- [REQUIRED ACTION]
Would you transcribe the entries below, beginning at the line with "QR Code for" and ending after the line with "Food.ru | Рецепты и советы ✔", exactly, with no picture and nothing more?
-------- DATA FOR PROCESSING
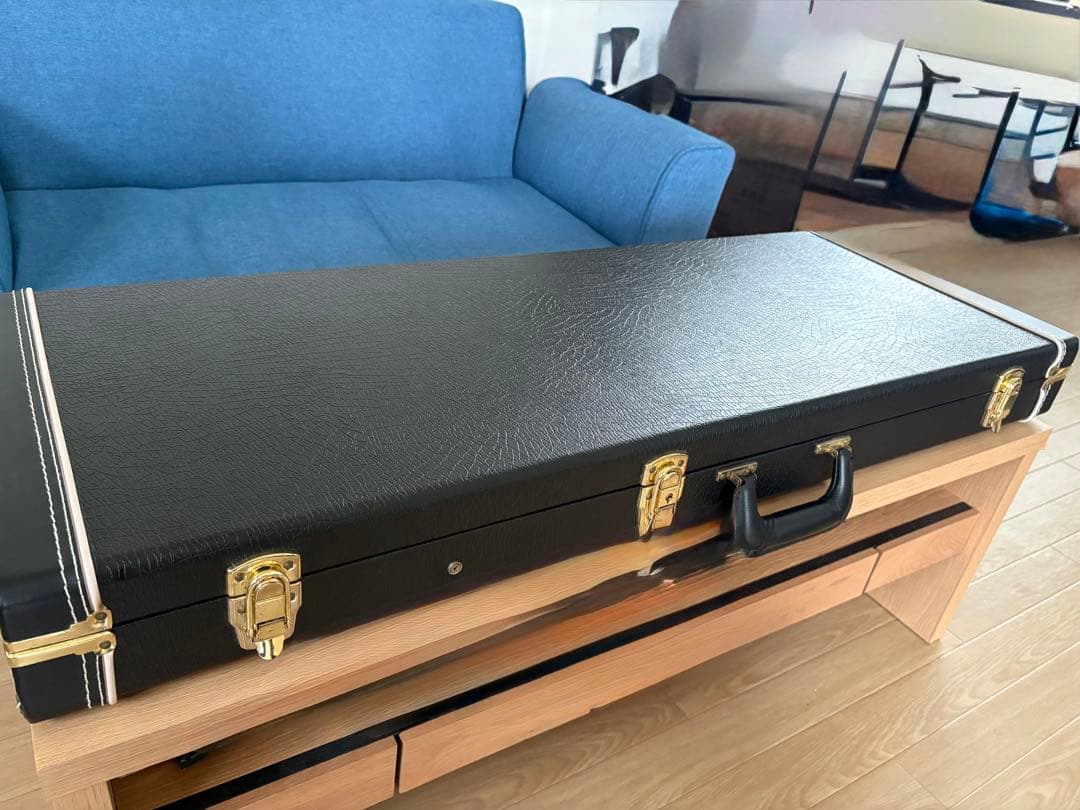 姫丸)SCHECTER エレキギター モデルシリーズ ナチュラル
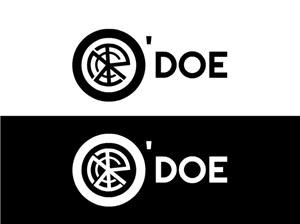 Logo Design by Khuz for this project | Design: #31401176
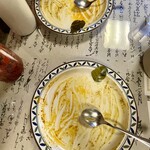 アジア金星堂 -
----------------
-------- DATA FOR PROCESSING
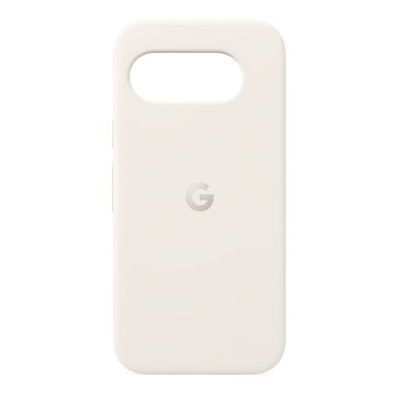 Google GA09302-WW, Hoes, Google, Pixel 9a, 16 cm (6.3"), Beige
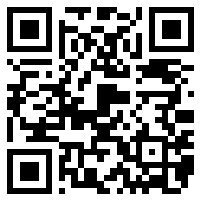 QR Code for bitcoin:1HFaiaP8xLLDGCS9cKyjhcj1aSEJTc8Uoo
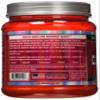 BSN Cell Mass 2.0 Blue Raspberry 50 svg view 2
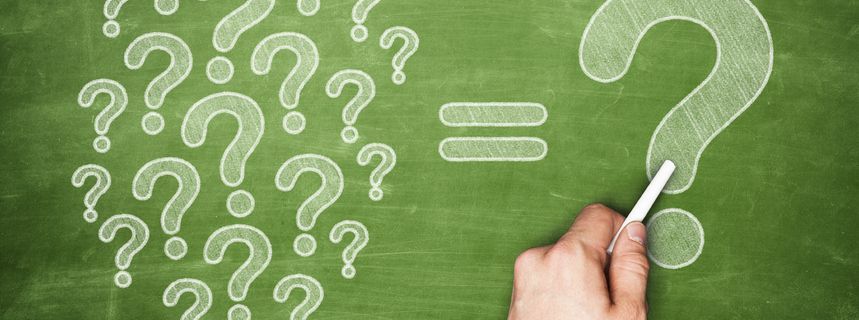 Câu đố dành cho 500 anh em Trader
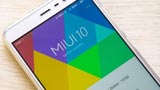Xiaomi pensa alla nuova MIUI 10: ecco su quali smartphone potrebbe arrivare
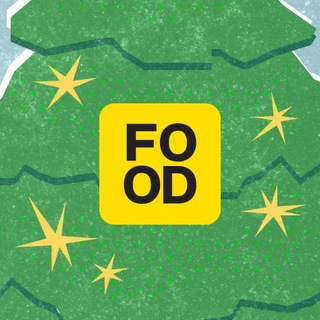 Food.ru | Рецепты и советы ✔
----------------
- [SOLUTION FOR THIS TASK]
 QR Code for bitcoin:1HFaiaP8xLLDGCS9cKyjhcj1aSEJTc8Uoo
 BSN Cell Mass 2.0 Blue Raspberry 50 svg view 2
 Câu đố dành cho 500 anh em Trader
Xiaomi pensa alla nuova MIUI 10: ecco su quali smartphone potrebbe arrivare
 Food.ru | Рецепты и советы ✔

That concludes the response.